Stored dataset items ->

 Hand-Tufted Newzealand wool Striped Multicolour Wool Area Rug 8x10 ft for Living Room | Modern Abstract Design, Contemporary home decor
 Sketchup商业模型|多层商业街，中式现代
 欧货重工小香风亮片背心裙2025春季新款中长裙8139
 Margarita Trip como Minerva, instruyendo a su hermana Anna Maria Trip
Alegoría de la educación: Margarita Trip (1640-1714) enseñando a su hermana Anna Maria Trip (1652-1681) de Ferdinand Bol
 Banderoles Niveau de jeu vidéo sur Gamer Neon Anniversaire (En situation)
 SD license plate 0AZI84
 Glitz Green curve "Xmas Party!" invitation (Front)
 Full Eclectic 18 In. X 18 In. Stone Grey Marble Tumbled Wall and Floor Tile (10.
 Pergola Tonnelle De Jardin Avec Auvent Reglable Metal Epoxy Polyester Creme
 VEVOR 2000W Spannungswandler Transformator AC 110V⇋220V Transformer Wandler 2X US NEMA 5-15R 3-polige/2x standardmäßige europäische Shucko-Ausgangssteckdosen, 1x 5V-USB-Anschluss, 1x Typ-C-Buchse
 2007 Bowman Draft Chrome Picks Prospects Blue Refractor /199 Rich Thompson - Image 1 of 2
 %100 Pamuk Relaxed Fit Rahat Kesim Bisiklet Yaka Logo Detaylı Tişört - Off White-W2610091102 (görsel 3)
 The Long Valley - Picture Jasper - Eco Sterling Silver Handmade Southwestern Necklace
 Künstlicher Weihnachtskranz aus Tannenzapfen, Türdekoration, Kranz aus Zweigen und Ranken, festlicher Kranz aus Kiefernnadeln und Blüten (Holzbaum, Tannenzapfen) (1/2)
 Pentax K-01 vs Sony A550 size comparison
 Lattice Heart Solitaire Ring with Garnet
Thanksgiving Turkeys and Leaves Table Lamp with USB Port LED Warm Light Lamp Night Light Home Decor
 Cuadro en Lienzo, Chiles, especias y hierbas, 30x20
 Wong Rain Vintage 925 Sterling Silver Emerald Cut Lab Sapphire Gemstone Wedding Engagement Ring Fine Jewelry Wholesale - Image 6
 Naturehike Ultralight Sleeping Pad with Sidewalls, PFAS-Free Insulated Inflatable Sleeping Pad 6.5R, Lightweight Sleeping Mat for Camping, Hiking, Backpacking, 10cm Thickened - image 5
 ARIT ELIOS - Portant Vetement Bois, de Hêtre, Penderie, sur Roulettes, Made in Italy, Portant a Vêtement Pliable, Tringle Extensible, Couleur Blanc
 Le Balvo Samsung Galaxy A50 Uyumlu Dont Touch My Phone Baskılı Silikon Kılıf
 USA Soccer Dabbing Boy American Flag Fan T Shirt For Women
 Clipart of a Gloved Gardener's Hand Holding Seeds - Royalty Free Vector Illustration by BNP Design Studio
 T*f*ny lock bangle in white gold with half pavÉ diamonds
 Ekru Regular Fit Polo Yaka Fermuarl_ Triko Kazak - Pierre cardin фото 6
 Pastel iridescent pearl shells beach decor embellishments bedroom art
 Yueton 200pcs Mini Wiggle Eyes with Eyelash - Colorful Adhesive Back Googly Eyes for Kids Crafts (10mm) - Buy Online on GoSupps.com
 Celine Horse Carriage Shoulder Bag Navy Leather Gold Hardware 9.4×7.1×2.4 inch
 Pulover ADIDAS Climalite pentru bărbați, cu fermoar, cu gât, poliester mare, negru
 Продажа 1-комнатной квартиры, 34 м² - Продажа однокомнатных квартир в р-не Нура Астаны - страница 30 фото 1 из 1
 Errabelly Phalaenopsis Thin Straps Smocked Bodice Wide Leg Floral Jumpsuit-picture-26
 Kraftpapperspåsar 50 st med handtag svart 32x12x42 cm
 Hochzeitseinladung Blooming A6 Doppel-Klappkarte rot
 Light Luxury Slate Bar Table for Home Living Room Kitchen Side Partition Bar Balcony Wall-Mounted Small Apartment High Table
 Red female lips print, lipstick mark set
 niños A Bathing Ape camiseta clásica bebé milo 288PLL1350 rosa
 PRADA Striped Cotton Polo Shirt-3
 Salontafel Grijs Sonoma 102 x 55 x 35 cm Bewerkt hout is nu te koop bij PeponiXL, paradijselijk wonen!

TASK ITEM -> All lines above with the word "Shirt" need to be reported.

SOLUTION FOR THIS PROBLEM ->
 USA Soccer Dabbing Boy American Flag Fan T Shirt For Women
 PRADA Striped Cotton Polo Shirt-3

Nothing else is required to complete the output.